Ils ne se posent même pas la question des premiers rangs et montent vers le
fond de la salle dans le bruit, ce qui pousse les spectateurs à leur crier en
retour d’une seule voix un gros « CHUT ! » auquel ils font à
peine attention. Niveau d’énervement ?
D. Arrivés tout en haut de la salle, quand ils comprennent que celle-ci est
pleine et qu’ils ne peuvent monter plus haut, ils restent dans les escaliers de
la travée et commencent à discuter à voix haute de la stratégie à adopter. Ce
qui leur vaut un magnifique « Putain vos gueules » d’une rangée plus
haut, à quoi l’un d’entre eux lui répond « C’est qui qui a dit ça, toi ta
gueule ! ». Niveau E.

L’un d’entre eux calme le jeu, et ils décident de
s’installer là, dans les escaliers, assis par terre, juste à côté de nous. Ma
copine, qui me connaît parfaitement, se penche vers moi et me dit « Si tu
veux on y va, on ira le voir un autre jour ». Tu parles, je ne vais pas
leur donner ce plaisir, je vais rester et je vais te les calmer s’ils se
tiennent pas, j’ai déjà trop de films à voir en ce moment, je n’ai pas le temps
d’aller voir celui-ci un autre jour. On reste. Évidemment le film a suivi son
cours pendant ce temps, Ethan Hawke s’est installé avec sa petite tribu dans la
maison où une famille s’est faite massacrée quelques mois plus tôt, et il
commence à trouver des trucs flippants dans la maison. Les premiers
commentaires, rires, discussions commencent à fleurir dans la travée. Les
premières remontrances, de ma part ou de celle d’autres spectateurs, commencent
à tomber. Ca les calme parfois. D’autres non. Je m’énerve souvent, j’ai envie
de me barrer parfois, je gueule régulièrement. J’ai envie de sortir de la salle
et d’aller chercher un mec du ciné mais je devine qu’il n’y en a pas un à
l’étage, qu’il va falloir que je descende tout en bas pour aller en chercher un
et que je vais rater cinq ou six minutes du film. Non merci. J’encaisse et je
riposte, le niveau F est dépassé depuis longtemps et je calme mes envies
d’étaler des baffes sur des mineurs.
Sinister avait
la réputation de faire peur, mais je dois avouer que je n’étais pas assez
plongé dans le film pour le sentir tout à fait, malgré l’atmosphère inquiétante…

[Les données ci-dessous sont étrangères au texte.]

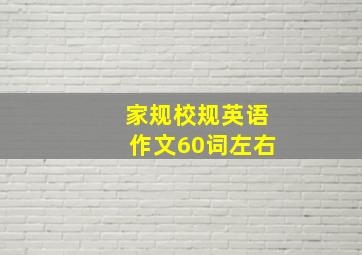 家规校规英语作文60词左右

Malgré les gamins de la travée qui criaient allègrement de peur, et en rajoutaient
même à l’évidence pour le plaisir, j’ai vu venir la fin des kilomètres avant qu’elle
arrive. Pendant ce temps, ma voisine continuait avec ses textos, bref tout était
formidable. Lorsque le film s’est achevé et la lumière revenue, le couple est
reparti en nous marchant sur les pieds, les gamins se sont relevés tout
contents, et les spectateurs de la séance suivante entraient pendant le générique de fin (une autre chose que j'adoooore). Moi, je me coltinais cette gueule de bois si spécifique des séances de
cinéma gâchées. Une envie de tout exploser, une amertume désenchantée, un désir
de ne plus jamais remettre les pieds sur les lieux du crime… un peu de tout
cela à la fois. Il est grand temps que je retourne aux séances du matin moi,
avant que je ne commette une bêtise… Le
respect des autres dans une salle de cinéma, ça reste une notion bien vague
pour nombre de spectateurs, même dans celles où quoi que l’on voie, « on
se cultive ».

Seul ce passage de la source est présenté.